Jewish and Christian conceptions, laws, and rituals of marriage offer an interesting case study in the larger ways in which Jews and Christians have both appropriated from and polemicized against each other throughout the ages. Although beginning from the same authoritative text of the Tanakh/“Old Testament,” Jews and Christians soon radically diverged in their approaches to marriage. From then until now, each local community of Jews and Christians has renegotiated its understanding and practice of marriage in conversation with sacred texts, traditions, and each other. Marriage becomes one of many sites at which this negotiation takes place, but with one important difference: since marriage quite physically embodies the issue of borders between religious communities, at various times it has been a site of fierce contestation.
The Tanakh, for the most part, takes marriage for granted. A cryptic line in the story of Adam and Eve (Gen 2:24) explains the origin of marriage in the way in which Eve was created out of Adam; the story nowhere explicitly states that Adam and Eve married, or that marriage is a divinely ordained institution. There is, in fact, little sense throughout the Tanakh that marriage is anything more than a social contract in which God has only a passing interest. For most of the biblical authors, marriage had the goals of regulating sexuality and, to a much more limited degree, the devolution of property. Adultery (defined as sex between a married woman and a man other than her husband; Ex 20:14; Deut 22:22), the sexual activities of priests and their families, and incest (which follows its own definition in Lev 18) were issues in which God took an interest. The possibilities of polygamy, divorce, and remarriage are all assumed. The vast majority of biblical writing about marriage is more descriptive than prescriptive. For example, the story of the marriage between Jacob and Leah (Gen 29) would later be used by Jews to authorize the use of bridal veils.
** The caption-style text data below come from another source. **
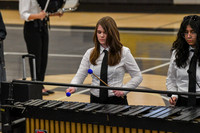 Catasauqua Percussion_250322_Lake Lehman-DJK02374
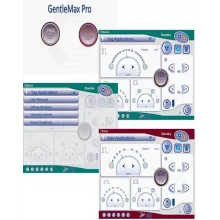 Александритовый лазер для эпиляции SEBASTIAN 755nm + 1064nm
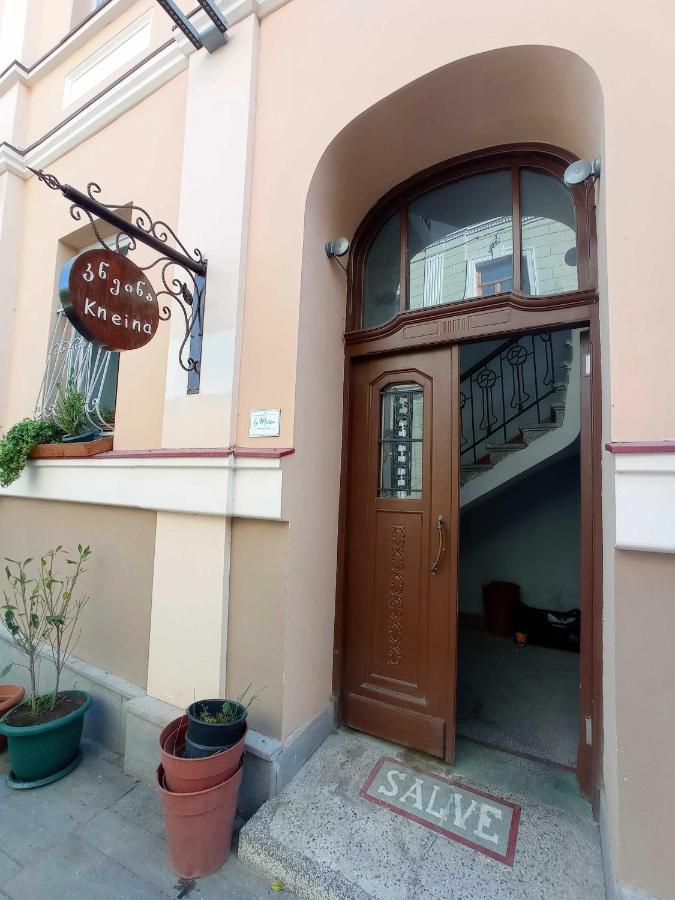 La Maison #7 Tbilisi Exterior foto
Similarly, the rabbis take the biblical law dealing with divorce and remarriage (Deut 24) as legislating the structure of divorce, in which a man must initiate a divorce with a document of repudiation (sefer keritut, later known as a get), although the biblical clause seems to be more descriptive than prescriptive.
A few biblical texts use marital imagery metaphorically, although they do not suggest that marriage itself was seen as more than a social institution. When following gods other than YHWH, Israel is personified as an “adulteress” (e.g., Jer 2:23-37). Hosea contains the most complex and developed marital metaphor, in which the prophet is himself commanded to marry a prostitute and have children with her (Hos 2), an incident that ends when God ultimately promises to take Israel in marriage in some utopian period and way. Some scholars, following early Jewish and Christian exegetes, have seen the Song of Songs as a metaphor for God’s marriage to Israel or the Church, but there is no explicit sign of this in the Song itself.
The view of marriage in the New Testament is much more conflicted. Jesus is portrayed as regarding marriage more portentously as a divine institution linked to the creation of Adam and Eve (Mt 19:1-11). He therefore, like the Dead Sea Scrolls (Noam 2005), forbids polygamy, divorce, and remarriage (when the spouse is still living). He also offers a more expansive and egalitarian definition of adultery (Mt 5:27-28). At the same time, he seems to downplay the role of any family, since such ties will be quickly irrelevant in the approaching eschaton (Lk 14:26). Paul, who was familiar with Jesus’ view of marriage and who believed at least as strongly that the end of the world was imminent, goes one degree further, urging a celibate life (1 Cor 7). On the other hand, though, the later epistles fully accept both marriage and the traditional hierarchies that constitute it (e.g., Eph 5:22-33).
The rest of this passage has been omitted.